Above the parish council, there will be a need for the diocesan council to resolve disputes or differences which cannot be reconciled, but this will be shaped by the same synodal decision-making model, which is itself replicated all the way up to what the Pope is doing at central level.
And when I asked, humorously, who will people blame in such a structure when they can no longer blame the priest, Monica quipped, “probably the Bishop”.
While an amusing exchange, it also raises a serious point: as the church moves from a command-and-control model, where will authority lie, and will it be respected?
That, to Monica, is a challenge and an opportunity to show leadership, a matter to be acknowledged and respected but not to be feared.
Monica sees this Synodal process as the path towards the church talking about and attempting to engage with many social issues it has found difficult to discuss constructively.
For Monica, Francis is giving the lead here by allowing local bishops and dioceses to sort such things out locally, applying good pastoral practice to local realities.
And while doctrine may not change – at least in the medium term – Monica does say there is “no point in having doctrine if we don’t have people”, taking her lead from Francis when he said, “who am I to judge?”
She points to the example of the German Church as a way for local churches to make decisions in the light of their lived experience on the ground.
As she describes it, what is needed is to respond to such issues in a different way – by listening to the people affected and then responding to them pastorally, using the light of the Gospels as well as human experience as a guide in how best to respond.

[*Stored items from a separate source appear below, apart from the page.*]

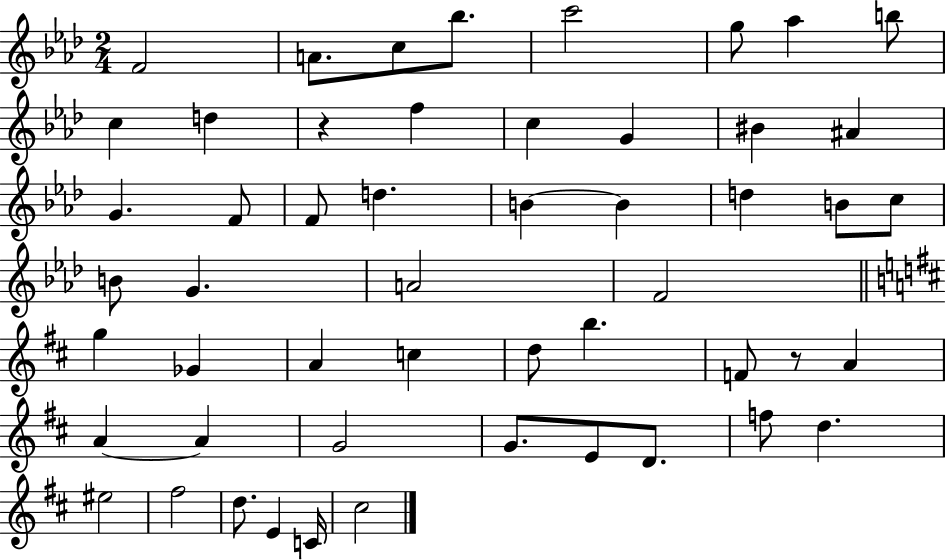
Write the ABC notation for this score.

X:1
T:Untitled
M:2/4
L:1/4
K:Ab
F2 A/2 c/2 _b/2 c'2 g/2 _a b/2 c d z f c G ^B ^A G F/2 F/2 d B B d B/2 c/2 B/2 G A2 F2 g _G A c d/2 b F/2 z/2 A A A G2 G/2 E/2 D/2 f/2 d ^e2 ^f2 d/2 E C/4 ^c2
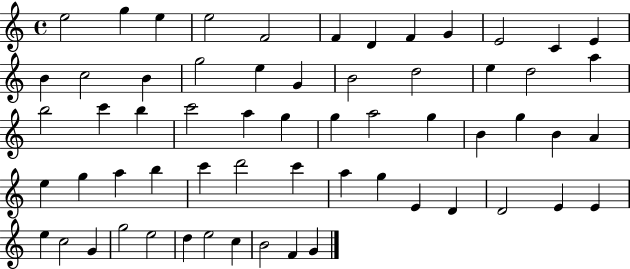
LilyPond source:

{
  \clef treble
  \time 4/4
  \defaultTimeSignature
  \key c \major
  e''2 g''4 e''4 | e''2 f'2 | f'4 d'4 f'4 g'4 | e'2 c'4 e'4 | \break b'4 c''2 b'4 | g''2 e''4 g'4 | b'2 d''2 | e''4 d''2 a''4 | \break b''2 c'''4 b''4 | c'''2 a''4 g''4 | g''4 a''2 g''4 | b'4 g''4 b'4 a'4 | \break e''4 g''4 a''4 b''4 | c'''4 d'''2 c'''4 | a''4 g''4 e'4 d'4 | d'2 e'4 e'4 | \break e''4 c''2 g'4 | g''2 e''2 | d''4 e''2 c''4 | b'2 f'4 g'4 | \break \bar "|."
}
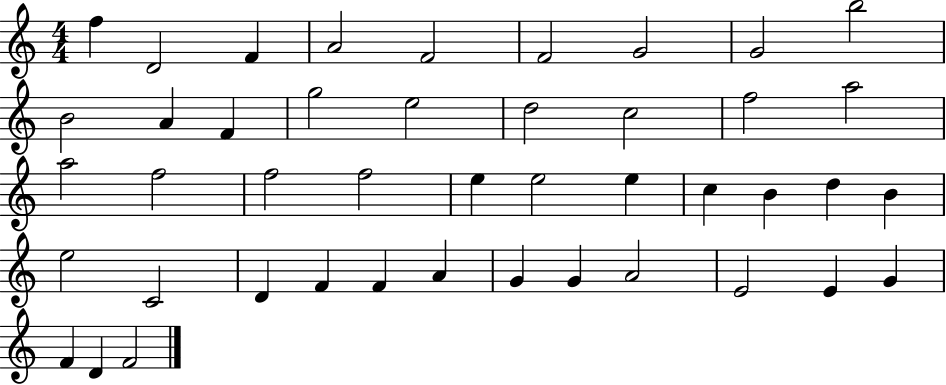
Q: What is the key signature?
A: C major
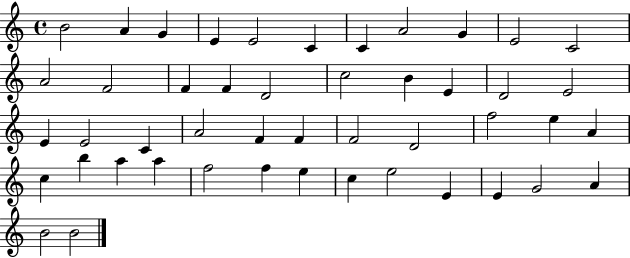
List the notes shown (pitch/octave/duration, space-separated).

B4/h A4/q G4/q E4/q E4/h C4/q C4/q A4/h G4/q E4/h C4/h A4/h F4/h F4/q F4/q D4/h C5/h B4/q E4/q D4/h E4/h E4/q E4/h C4/q A4/h F4/q F4/q F4/h D4/h F5/h E5/q A4/q C5/q B5/q A5/q A5/q F5/h F5/q E5/q C5/q E5/h E4/q E4/q G4/h A4/q B4/h B4/h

The Pope is the key to all this change.
“He is constantly speaking to where people are at," she remarks.
He is saying to bishops and clergy and people: don’t be looking to me for all the answers. And so he is deliberately not making decisions, consciously breaking his own authority. He is changing the dynamic of decision-making, to put it back into the hands of the body of believers.
At 86, his future is on all minds, but, for Monica, after Francis, “the toothpaste is out of the tube”, and so there is no going back.
The successor does not need to be a replica “because Francis has made a huge difference that’s not going to be able to be changed very easily; or in fact at all”. She feels things will change organically because he has changed so much of the dynamic.
On the large number of churches around the West, Monica is practical and matter-of-fact.
Attendance is down, and income at the parish level is down – in some cases by as much as 50%.
Churches need people and money to survive.
It is hard to be specific in numerical terms, but before too long we won’t have close to the number of active churches we have now.
Monica sees the future as less about buildings and more about church members operating as ‘field preachers’.
In her outlook, you will find ‘church’ at a funeral, “where you have people coming together to lead prayers and comfort families at this key moment in their lives”.
That, for Monica, is what gives the West of Ireland an advantage in this new reality, for she believes our particular sense of community is built around the Gospel and beatitude values in the lived world.
But of course that also means, as she freely acknowledges, that when a priest is lost to a small parish, that is a big set-back and a painful reality: but one that is coming nonetheless.
There will be many challenges on that road, she tells me, not least of which is the sense of tiredness out there and the need to ensure that the structures must be created to facilitate change to a synodal church driven by the leadership of the whole baptised, but if that is provided, she says: “There is enough goodwill there; local interest there; enthusiasm there; to do all of that.”
Strong leadership will be required from local people in the West as their church continues to grapple with age-old questions in a very different world.
Monica Morley will continue to be a leading light on that journey.